Sometimes, focused businesses do best, and Hyster-Yale Materials Handling (NYSE:HY) has concentrated on helping customers move their inventory with its forklift products. The problem with that type of business is that it depends on the health of its industrial customer base, and coming into Tuesday's third-quarter financial report, Hyster-Yale investors expected that earnings would fall substantially even if revenue managed to post modest growth. Hyster-Yale ended up disappointing shareholders on the top line as well, with both sales and net income declining from year-ago levels. Let's look more closely at how Hyster-Yale did during the quarter and whether it can bounce back in the near future.
Hyster-Yale drops the ball
Hyster-Yale's third-quarter results fell short of expectations on all counts. Revenue fell 3.5% to $629.3 million, in stark contrast to expected sales gains of about 4%. Net income fell more than 40% to $12.3 million, and that produced earnings of $0.75 per share, below the consensus forecast for $0.80 per share.
Taking a closer look at the numbers, Hyster-Yale's operational performance was also weaker than it's been in past quarters. Unit shipments of lift trucks worldwide fell by 2,100 units to 20,300. Looking ahead, though bookings did manage to post a solid bounce, climbing by 1,800 units to 20,400. That brought worldwide backlog up to 30,600 units, higher by 3,500 from year-ago levels, and those orders should be worth about $730 million. Nevertheless, the lift-truck business posted a severe decline in segment profitability, with operating earnings falling by more than 40%.
All three of Hyster-Yale's geographical segments saw overall revenue declines. The Americas region was particularly weak, with a 10% drop in revenue stemming from lower shipments across the region, especially in North America and in Brazil. Deal-specific pricing in the North American market and lower parts sales also hurt the top line for the region. Meanwhile, revenue losses in Europe, the Middle East, and Africa were limited to about 6% on reductions in certain types of warehouse and internal combustion engine trucks, and the Japan and Asia-Pacific region suffered 12% declines in sales on a relatively small base of revenue.
Meanwhile, Hyster-Yale's other businesses kept losing money. Fuel-cell subsidiary Nuvera had a net loss of $7.6 million, while the recently acquired lift-truck attachment company Bolzoni suffered net losses of $2 million. Nevertheless, the company celebrated the first deliveries of Nuvera Fuel Cell systems, and Hyster-Yale hopes that this will prove to be the first step in making the unit profitable in the long run.
What's ahead for Hyster-Yale?
Hyster-Yale provided mixed guidance for its various segments. In the Americas, profits from the fork-lift business will likely fall in 2017, while better economic conditions in Europe should improve results there. The Asia-Pacific outlook calls for little change. Overall, higher tax rates are expected to cut into Hyster-Yale's earnings in 2017, and tailwinds from lower commodity costs could further threaten net income even if market share gains and stable global markets keep revenue rising.

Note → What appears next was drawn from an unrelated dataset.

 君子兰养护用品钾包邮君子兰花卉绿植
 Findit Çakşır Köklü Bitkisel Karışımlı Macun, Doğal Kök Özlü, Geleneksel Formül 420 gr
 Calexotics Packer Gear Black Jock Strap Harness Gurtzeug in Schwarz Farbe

Still, that isn't stopping Hyster-Yale from trying to innovate. The company is looking to gain market share by emphasizing its competitive advantages, including low cost of ownership and independent distribution. At the same time, new products like its Pedestrian Pallet Stacker and a new lift truck line with a Class 5 internal combustion engine have already started to be made, and Hyster-Yale expects them and other products to help boost name recognition and overall sales.
In the long run, Hyster-Yale investors have to hope that the global economy will bounce back and get companies more interested in investing in equipment to help make them more efficient. When that happens, it will be Hyster-Yale's best chance to increase its business penetration and make the most of an end to tough times among its key customers.